Ese goce se configura como un ius prohibendi, que consiste fundamentalmente en impedir a los no titulares realizar determinadas actividades sobre las mismas.
La creación intelectual sólo puede ser utilizada a través de su exteriorización, pero no tiene que identificarse con esta. Y puede exteriorizarse en un gran número de ocasiones. Luego la propiedad intelectual es un monopolio paradójico: no está limitado por la extensión de su objeto ni se agota con su posesión. “Es decir, las obras intelectuales son susceptibles de un goce plural, solidario, íntegro, y simultáneo por parte de un número indefinido y casi ilimitado de personas a través de las sucesivas multiplicaciones de sus soportes o cosas materiales en las que se incardinan y manifiestan” (RODRÍGUEZ TAPIA, JM, y BONDÍA ROMÁN, F. Comentarios a la Ley de Propiedad Intelectual. Civitas. Madrid 1996. Pág 23).

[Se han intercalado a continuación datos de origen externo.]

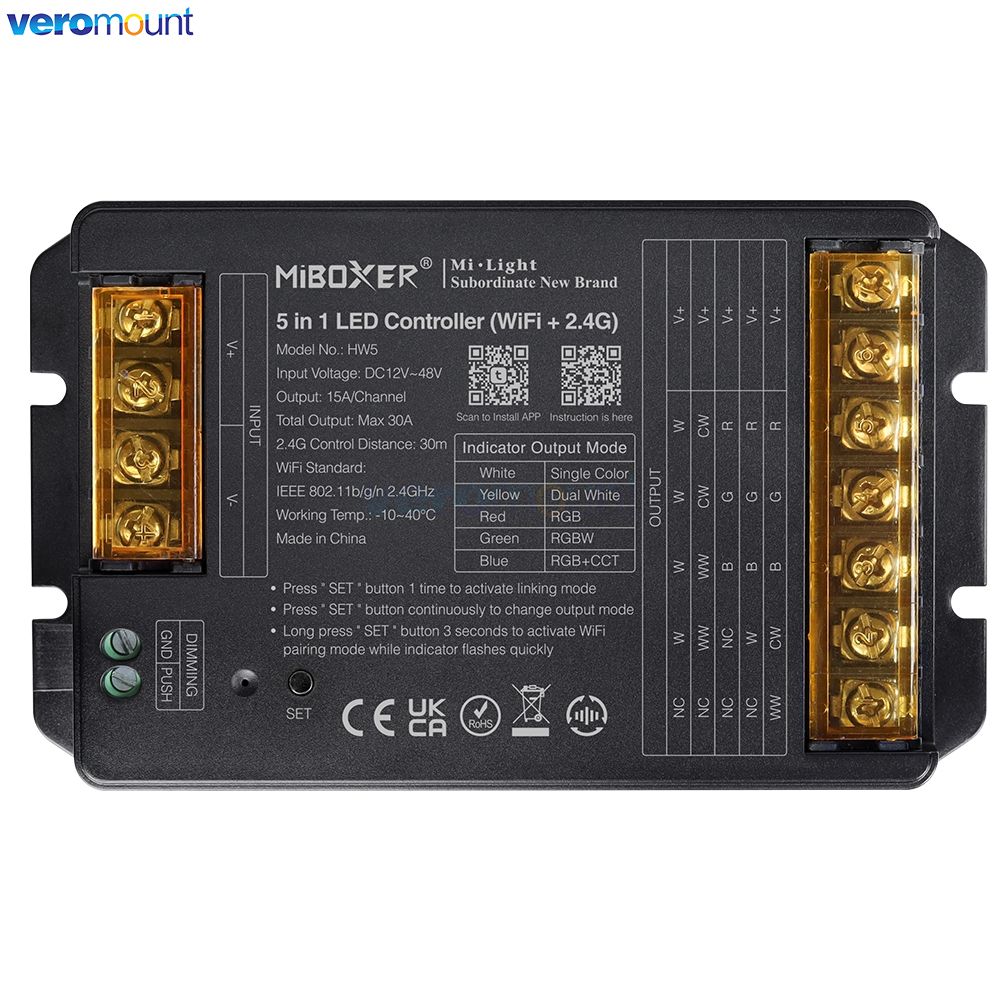 MiBoxer HW2 HR2 HZ2 2 in 1 HR5 - огляд і ціна Wifi Led Dimmer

El Derecho tendrá que remitirse necesariamente a disciplinas ajenas para poder definir el objeto al que se refiere. Cuando su objeto es la cultura (con toda la extensión que tiene este concepto hoy en día), tiene a su disposición la Historia, la Historia del Arte, la Filosofía, la Sociología o la Antropología, entre otras muchas. Así, la Propiedad Intelectual puede definir lo original, como criterio fundamental para saber si podemos aplicar su régimen que supone la protección y posibilidad de obtención de beneficios a partir de una obra. El Derecho no nos dice si se trata de arte o no, pero la exclusión de una obra de dicho régimen supondría casi la total pérdida de una legitimación social de la misma. ¿Podrá entonces el Derecho suponer un ámbito para la definición estética del arte?